Die Polizei registrierte zudem 1674 Straftaten gegen „Amtsträger und/oder Mandatsträger“, also vor allem gegen Kommunalpolitiker sowie Abgeordnete. In mehr als 600 Fällen waren Rechte die Täter, in 310 waren es Linke. Über 700 Fälle, darunter viel Hate Speech im Internet, waren keiner Szene zuzuordnen.

Rückläufig sind Straftaten von Islamisten und anderer religiöser Extremisten (minus 27,5 Prozent) und ausländischer Rechts- und Linksradikaler (minus 23,7).

Kriminalität insgesamt leicht rückläufig

Seehofer präsentierte auch die Zahlen zu Kriminalität in der Bundesrepublik insgesamt. Die Zahl der Straftaten sank um 2,1 Prozent auf 5,4 Millionen Fälle. Die Polizei konnte 56,2 Prozent aufklären. In Bayern war die Quote mit 65 Prozent am höchsten, Berlin meldete mit 43,8 Prozent die niedrigste.

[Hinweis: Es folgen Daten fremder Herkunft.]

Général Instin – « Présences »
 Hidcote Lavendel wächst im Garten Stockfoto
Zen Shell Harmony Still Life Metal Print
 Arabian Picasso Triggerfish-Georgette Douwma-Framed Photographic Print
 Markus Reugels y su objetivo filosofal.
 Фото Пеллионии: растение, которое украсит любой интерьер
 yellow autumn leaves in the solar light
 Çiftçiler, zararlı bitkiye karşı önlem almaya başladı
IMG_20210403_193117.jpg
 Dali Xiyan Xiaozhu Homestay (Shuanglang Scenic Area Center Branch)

Deutliche Zunahme bei Kinderpornografie

Zu den größten Problemen der Polizei zählt die rasante Zunahme der Verbreitung von Kinderpornografie, meist über das Internet. In der Statistik ist von einem Anstieg um 64,6 Prozent die Rede. Deutlich zugenommen haben auch Angriffe auf Polizisten (plus 27,5 Prozent). Wirtschaftskriminalität hingegen ging zurück (minus 19,9 Prozent), auch Wohnungsdiebstähle nahmen ab (minus 10,6 Prozent). Trotz aller Probleme betonte Seehofer, "Deutschland ist das sicherste Land auf der Welt".